Republican presidential hopeful Herman Cain suggested that his political opponents are trying to derail his campaign by attacking his character and integrity and that he has no plans to end his pursuit for the White House.
“They have been trying to do a character assassination on me,” Cain complained to a crowd of onlookers in West Chester, Ohio, on Wednesday. “They are attacking my character, my reputation and my name in order to try and bring me down. I don’t believe American is going to let that happen to me.”
Cain also repeatedly told the Ohio crowd, “I want to be president,” and encouraged those gathered to “raise some Cain!”
The latest trouble for Cain came on Monday when Atlanta resident Ginger White say she and Cain had a 13-year, “on and off” relationship and that it ended in March of this year.
Cain categorically denied the relationship, saying his relationship with White was “very casual.” However, no one in Cain’s family or close circle of friends, including his wife, knew White.
The first revelations of sexual harassment surfaced after an online Washington news publication broke the story that two women had accused Cain of harassment and subsequently reached an undisclosed settlement with the National Restaurant Association, which Cain headed in the late 1990s. Another woman, Sharon Bialek, came forward saying that Cain had inappropriately touched her and made suggestive comments after a dinner one evening.
After White came forward with her comments, Cain’s campaign said they were “reassessing” their campaign, but senior campaign advisers stressed that Cain was not dropping out of the race.
In order to clear up any confusion regarding his plans, Cain tweeted, “The definition of reassess is: To consider again, esp. while paying attention to new factors.
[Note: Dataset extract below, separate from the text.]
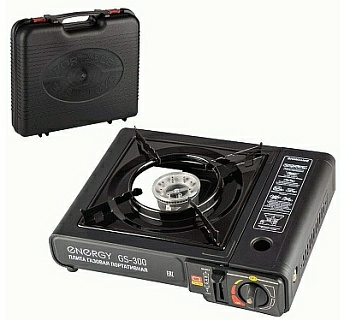 Плита настольная газовая портативная ENERGY GS-300 (2 типа подключения) (Россия)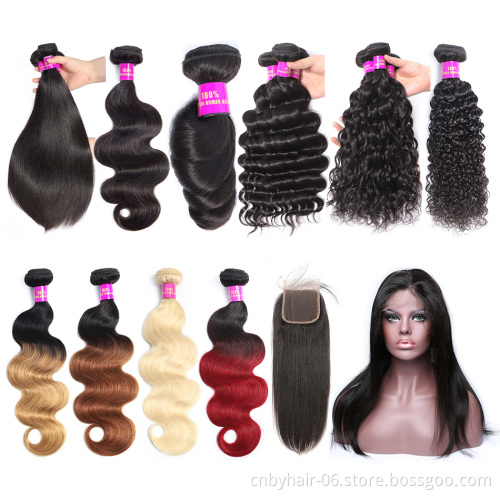 Chinese Factory Brazilian Hair Virgin Body Wave Hair Bundles Cheveux Humain, Human Virgin Brazilian Hair Supplier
Doesn’t sound like dropping out…”
White is still standing by her story, despite Cain’s denials. After Cain referred to her as a “troubled” woman, White responded, telling Good Morning America on Wednesday that it is “very disappointing that he would call me troubled.”
Also, White pointed out that the relationship was not a matter of “sex for cash.”
Still, political insiders are wondering if Cain can continue to mount a viable campaign in the face of dropping poll numbers and having to deal with issues that are detracting from the message of jobs, the economy and pro-family values.
“The bottom line is conservatives want someone other than Mitt Romney and are looking for the right candidate,” said Louisiana GOP consultant Mike Bayham. “I don’t think many people felt Herman had a chance. He just wants to sell some books and make sure he has a good platform after he has to drop out. And he certainly won’t be considered for a vice presidential spot.”
Trying to say focused, Cain reminded the Ohio crowd about his 9-9-9 plan and that his lack of foreign policy experience was no different from former president Ronald Reagan’s. He also took the opportunity to invoke religion into his comments.
“I have discovered there’s your plan in life and there’s God’s plan.”
Making light of the situation, Cain joked about with crowd and how his opponents were saying his support was steadily eroding.
“Some even predicted that this room would be empty today. I don’t think I see any empty seats in here.”
Cain will travel to New Hampshire later today to meet with supporters and undoubtedly face a curious press corp.